Once dry, I laid two courses only where they would be visible, and allowed just a single course for the proposed arched entrance to the bunker. For the far side and back I choose to opt for breeze block straight on to the foundation, so save money.

2. The walls
I choose to breeze block and render the walls for economy, simplicity and speed.









Notice, the notches I cut out of the end walls to sit the concrete lintels in. Working with, cutting and shaping the breeze blocks was, as they say, a breeze!

3. Lintel supports for bunker roof/oven floor
After then deciding to build two further posts for each lintel, I cemented them in.









I gave it a good few days to dry out, then added the brick arch* and bunker roof/oven floor by laying the concrete slabs. The observant among you will spot the 'deliberate mistake' - I miscalculated the length of the slabs and came up short, so had to finished the very end with breeze blocks - no big deal!

* The build the brick arch I simply cut two bit of wood the the shape I wanted the opening to be. Nailed them together. Placed this on two thin sticks to raise it slightly. Laid the brick arch and remaining wall blocks on top. Let it to dry, then kicked out the brick arch. Voila!

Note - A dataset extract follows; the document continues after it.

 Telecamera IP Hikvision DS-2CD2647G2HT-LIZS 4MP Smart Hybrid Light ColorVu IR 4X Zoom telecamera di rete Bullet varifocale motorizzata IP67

4. The insulated oven sub-floor
As guided by the book Build Your Own Earth Oven by Kiko Denzer and Hannah Field, I had to now make an insulated, structurally sound sub-floor for the oven. After building the edge with more breeze blocks the inside was filled with a combination of clay, sawdust and empty wine and beer bottles. The liver took quite a bashing the night before to empty all of these, I can tell you!









As I still wasn't 100% confident about using only clay (and contrary to the books guidelines), I added a little bit of cement to the insulation mix - but I know now that this really isn't necessary.

5. Render face of breeze blocks

This was the only thing I felt I'd have trouble with, so I enlisted my father-in-law Mick. This was definitely the right thing to do. In the time it took me to render on quarter of the back, he had done all the front and used about a sixth of the materials I had used. I was quite happy at that point to sit back and watch a master at work.

Think the render mix was 5 sand to 1 cement. Each face was battoned first with 2x1" wood before having 2 coats of the render mix applied. Once complete, the finished faces were battoned for the remaining faces to be rendered in the same way.

And that was basically the Wood Bunker FINISHED !!